* [Work instructions]:
The lines wanted are those from the one containing "Docker is using" to the last line of the entries below; output them exactly, leaving out pictures.

* [Dataset entries]:

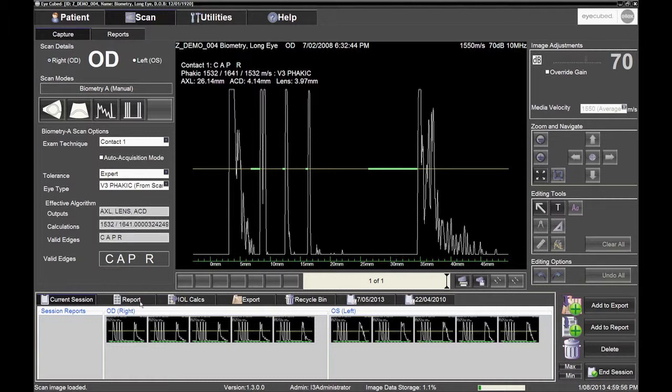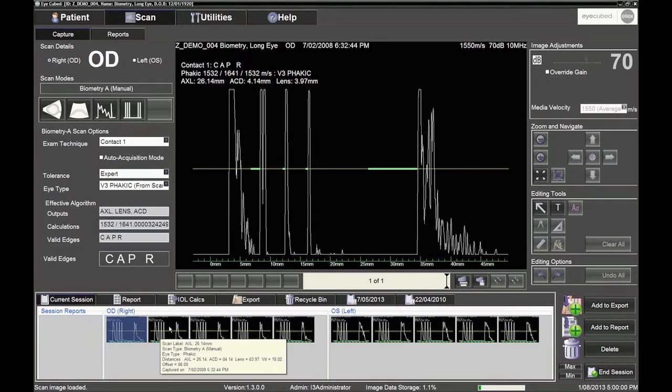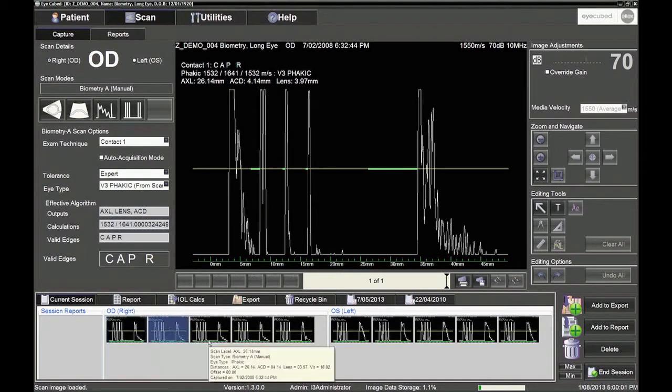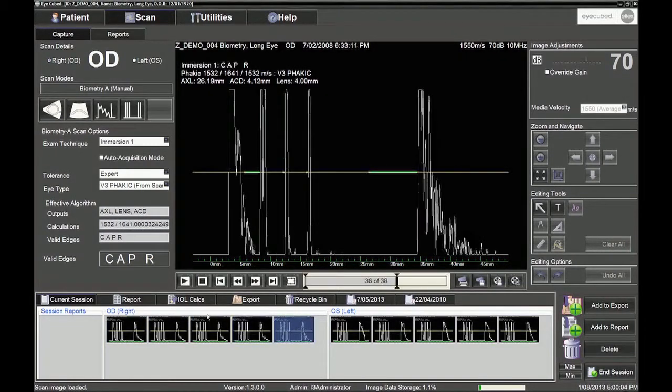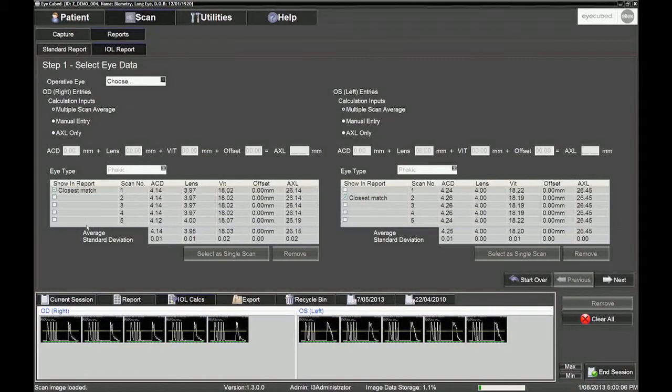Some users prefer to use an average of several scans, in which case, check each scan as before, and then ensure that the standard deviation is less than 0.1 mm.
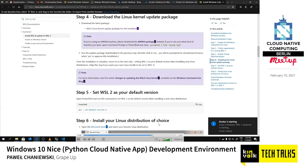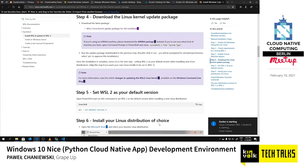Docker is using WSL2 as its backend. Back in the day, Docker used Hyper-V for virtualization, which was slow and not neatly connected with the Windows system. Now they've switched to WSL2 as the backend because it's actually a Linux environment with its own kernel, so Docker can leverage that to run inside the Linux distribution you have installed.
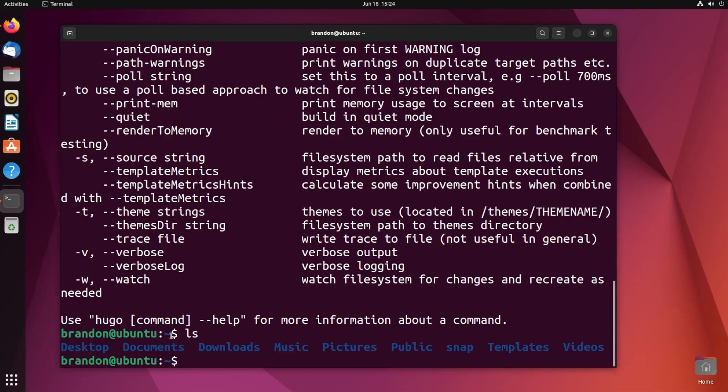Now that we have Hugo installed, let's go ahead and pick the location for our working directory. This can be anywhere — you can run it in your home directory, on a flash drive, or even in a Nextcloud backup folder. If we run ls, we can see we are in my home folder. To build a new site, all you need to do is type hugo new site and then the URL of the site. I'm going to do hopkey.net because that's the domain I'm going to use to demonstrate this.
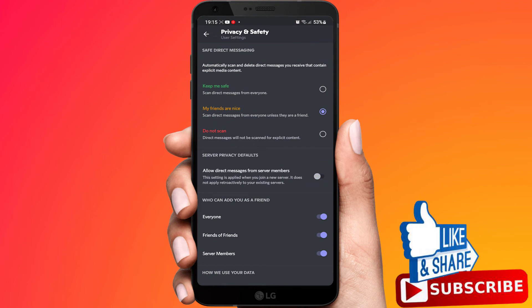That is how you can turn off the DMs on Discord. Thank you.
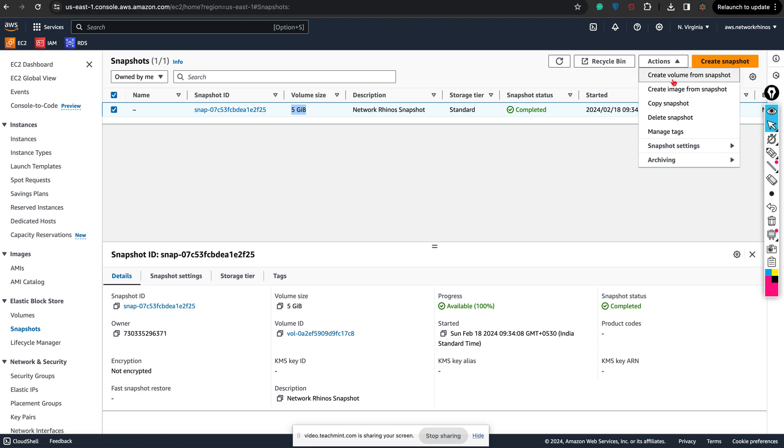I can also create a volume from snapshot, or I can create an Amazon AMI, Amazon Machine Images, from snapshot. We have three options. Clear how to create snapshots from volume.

* [Exercise output]:
Docker is using WSL2 as its backend. Back in the day, Docker used Hyper-V for virtualization, which was slow and not neatly connected with the Windows system. Now they've switched to WSL2 as the backend because it's actually a Linux environment with its own kernel, so Docker can leverage that to run inside the Linux distribution you have installed.
Now that we have Hugo installed, let's go ahead and pick the location for our working directory. This can be anywhere — you can run it in your home directory, on a flash drive, or even in a Nextcloud backup folder. If we run ls, we can see we are in my home folder. To build a new site, all you need to do is type hugo new site and then the URL of the site. I'm going to do hopkey.net because that's the domain I'm going to use to demonstrate this.
That is how you can turn off the DMs on Discord. Thank you.
I can also create a volume from snapshot, or I can create an Amazon AMI, Amazon Machine Images, from snapshot. We have three options. Clear how to create snapshots from volume.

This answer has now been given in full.